**RECORDS FOR THIS EXERCISE**
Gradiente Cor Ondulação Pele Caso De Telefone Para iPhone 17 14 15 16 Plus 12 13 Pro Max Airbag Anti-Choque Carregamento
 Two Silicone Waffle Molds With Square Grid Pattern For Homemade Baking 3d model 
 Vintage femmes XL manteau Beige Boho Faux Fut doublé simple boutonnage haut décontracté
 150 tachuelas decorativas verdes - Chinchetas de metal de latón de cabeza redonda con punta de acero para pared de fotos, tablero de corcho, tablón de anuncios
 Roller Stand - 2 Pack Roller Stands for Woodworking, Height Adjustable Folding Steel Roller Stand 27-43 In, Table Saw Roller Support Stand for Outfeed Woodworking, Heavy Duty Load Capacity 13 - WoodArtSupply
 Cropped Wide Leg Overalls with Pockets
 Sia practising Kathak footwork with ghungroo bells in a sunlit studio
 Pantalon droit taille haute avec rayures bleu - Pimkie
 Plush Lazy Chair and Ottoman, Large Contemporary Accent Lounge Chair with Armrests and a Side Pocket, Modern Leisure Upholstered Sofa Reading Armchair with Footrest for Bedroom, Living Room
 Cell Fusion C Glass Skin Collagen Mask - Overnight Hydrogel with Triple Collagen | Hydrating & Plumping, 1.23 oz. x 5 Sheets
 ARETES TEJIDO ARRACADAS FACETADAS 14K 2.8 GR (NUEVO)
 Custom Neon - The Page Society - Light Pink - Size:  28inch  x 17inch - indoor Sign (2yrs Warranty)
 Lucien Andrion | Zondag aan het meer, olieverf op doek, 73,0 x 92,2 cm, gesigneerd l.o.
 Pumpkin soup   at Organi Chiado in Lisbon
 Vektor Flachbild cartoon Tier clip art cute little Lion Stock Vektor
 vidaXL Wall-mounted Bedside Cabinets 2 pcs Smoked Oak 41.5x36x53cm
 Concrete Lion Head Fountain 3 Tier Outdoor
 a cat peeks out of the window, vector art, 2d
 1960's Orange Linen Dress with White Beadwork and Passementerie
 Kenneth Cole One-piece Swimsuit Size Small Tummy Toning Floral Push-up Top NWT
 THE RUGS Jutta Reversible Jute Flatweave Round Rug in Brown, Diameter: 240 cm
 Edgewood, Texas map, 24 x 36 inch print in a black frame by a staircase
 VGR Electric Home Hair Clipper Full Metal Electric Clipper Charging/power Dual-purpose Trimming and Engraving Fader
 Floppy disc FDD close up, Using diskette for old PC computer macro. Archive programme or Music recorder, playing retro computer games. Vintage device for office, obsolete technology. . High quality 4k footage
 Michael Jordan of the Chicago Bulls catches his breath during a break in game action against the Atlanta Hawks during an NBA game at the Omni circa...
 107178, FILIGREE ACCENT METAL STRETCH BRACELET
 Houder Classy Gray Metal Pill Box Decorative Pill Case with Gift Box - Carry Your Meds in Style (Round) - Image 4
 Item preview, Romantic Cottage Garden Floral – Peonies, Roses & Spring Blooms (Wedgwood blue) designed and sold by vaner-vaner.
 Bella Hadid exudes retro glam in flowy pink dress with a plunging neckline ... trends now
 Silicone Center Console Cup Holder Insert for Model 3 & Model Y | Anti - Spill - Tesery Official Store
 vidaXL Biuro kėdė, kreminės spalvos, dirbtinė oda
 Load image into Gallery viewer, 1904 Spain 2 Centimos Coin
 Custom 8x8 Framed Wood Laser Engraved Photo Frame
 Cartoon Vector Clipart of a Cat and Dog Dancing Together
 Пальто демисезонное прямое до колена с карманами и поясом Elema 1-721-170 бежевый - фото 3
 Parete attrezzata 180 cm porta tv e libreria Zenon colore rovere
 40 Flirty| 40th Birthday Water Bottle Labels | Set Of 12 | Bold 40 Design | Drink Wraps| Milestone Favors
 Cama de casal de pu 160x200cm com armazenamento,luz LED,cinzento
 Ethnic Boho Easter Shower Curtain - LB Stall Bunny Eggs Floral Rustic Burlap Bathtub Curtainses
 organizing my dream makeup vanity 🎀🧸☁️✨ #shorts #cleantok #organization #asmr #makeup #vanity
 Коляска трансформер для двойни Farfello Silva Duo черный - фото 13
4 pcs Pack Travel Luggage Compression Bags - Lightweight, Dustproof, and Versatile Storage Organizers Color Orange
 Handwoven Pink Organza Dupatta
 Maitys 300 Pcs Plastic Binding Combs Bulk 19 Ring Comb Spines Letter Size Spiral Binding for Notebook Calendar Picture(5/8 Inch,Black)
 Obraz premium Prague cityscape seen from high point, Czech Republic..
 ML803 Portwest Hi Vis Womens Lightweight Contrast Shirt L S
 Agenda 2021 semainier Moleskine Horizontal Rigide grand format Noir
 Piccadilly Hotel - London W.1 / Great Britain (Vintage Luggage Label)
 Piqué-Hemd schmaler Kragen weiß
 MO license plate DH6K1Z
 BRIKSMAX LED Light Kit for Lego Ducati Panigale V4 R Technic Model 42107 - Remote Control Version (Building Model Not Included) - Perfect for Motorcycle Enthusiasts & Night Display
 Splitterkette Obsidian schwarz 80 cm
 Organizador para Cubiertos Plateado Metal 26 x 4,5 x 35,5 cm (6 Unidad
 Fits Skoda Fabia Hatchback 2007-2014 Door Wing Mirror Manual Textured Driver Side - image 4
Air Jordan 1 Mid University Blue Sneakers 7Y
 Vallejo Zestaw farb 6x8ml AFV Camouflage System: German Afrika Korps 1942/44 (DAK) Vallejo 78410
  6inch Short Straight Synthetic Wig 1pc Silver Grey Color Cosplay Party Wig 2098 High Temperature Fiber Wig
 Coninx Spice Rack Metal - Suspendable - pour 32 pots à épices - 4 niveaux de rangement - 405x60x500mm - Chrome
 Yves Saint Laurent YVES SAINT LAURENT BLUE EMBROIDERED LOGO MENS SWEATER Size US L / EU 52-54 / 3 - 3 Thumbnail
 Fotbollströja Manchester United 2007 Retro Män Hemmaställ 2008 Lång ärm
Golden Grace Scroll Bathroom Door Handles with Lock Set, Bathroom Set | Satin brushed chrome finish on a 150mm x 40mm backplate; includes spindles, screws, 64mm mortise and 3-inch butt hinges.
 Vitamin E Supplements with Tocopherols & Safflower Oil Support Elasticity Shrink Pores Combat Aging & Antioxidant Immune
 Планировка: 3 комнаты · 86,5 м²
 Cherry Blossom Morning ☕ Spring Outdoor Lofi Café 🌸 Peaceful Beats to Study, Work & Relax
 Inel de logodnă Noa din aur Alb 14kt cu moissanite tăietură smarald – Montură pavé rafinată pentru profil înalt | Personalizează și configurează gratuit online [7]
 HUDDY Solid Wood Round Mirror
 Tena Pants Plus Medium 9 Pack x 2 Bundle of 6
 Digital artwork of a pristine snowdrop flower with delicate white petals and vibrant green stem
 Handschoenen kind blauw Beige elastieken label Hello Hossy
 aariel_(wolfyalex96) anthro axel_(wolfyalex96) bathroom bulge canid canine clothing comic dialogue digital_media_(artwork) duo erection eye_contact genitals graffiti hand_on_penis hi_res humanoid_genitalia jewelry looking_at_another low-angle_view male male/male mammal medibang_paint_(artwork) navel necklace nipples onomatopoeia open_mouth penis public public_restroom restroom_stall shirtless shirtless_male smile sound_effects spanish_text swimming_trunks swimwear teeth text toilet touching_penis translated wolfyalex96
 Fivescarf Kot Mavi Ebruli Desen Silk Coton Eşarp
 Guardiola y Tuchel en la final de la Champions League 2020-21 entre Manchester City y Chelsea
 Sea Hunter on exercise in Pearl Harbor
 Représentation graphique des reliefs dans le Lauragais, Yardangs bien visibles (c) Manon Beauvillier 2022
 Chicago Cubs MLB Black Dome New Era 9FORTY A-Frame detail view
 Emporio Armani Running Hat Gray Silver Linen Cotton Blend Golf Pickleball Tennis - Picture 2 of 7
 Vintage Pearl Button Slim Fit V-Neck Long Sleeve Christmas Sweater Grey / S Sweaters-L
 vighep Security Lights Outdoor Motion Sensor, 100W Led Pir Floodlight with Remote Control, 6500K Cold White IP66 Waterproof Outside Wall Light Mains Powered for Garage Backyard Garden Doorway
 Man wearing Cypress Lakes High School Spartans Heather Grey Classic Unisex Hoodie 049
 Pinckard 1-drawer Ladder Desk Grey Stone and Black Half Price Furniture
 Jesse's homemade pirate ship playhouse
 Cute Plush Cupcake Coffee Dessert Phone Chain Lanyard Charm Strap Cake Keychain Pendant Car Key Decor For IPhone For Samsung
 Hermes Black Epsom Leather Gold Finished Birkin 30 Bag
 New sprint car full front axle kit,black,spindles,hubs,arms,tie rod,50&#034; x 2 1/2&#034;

**TASK ITEM**
Word for word, set down the lines from the beginning of the records through the line that holds "Two Silicone Waffle". Leave out the rest.

**TASK RESPONSE**
Gradiente Cor Ondulação Pele Caso De Telefone Para iPhone 17 14 15 16 Plus 12 13 Pro Max Airbag Anti-Choque Carregamento
 Two Silicone Waffle Molds With Square Grid Pattern For Homemade Baking 3d model 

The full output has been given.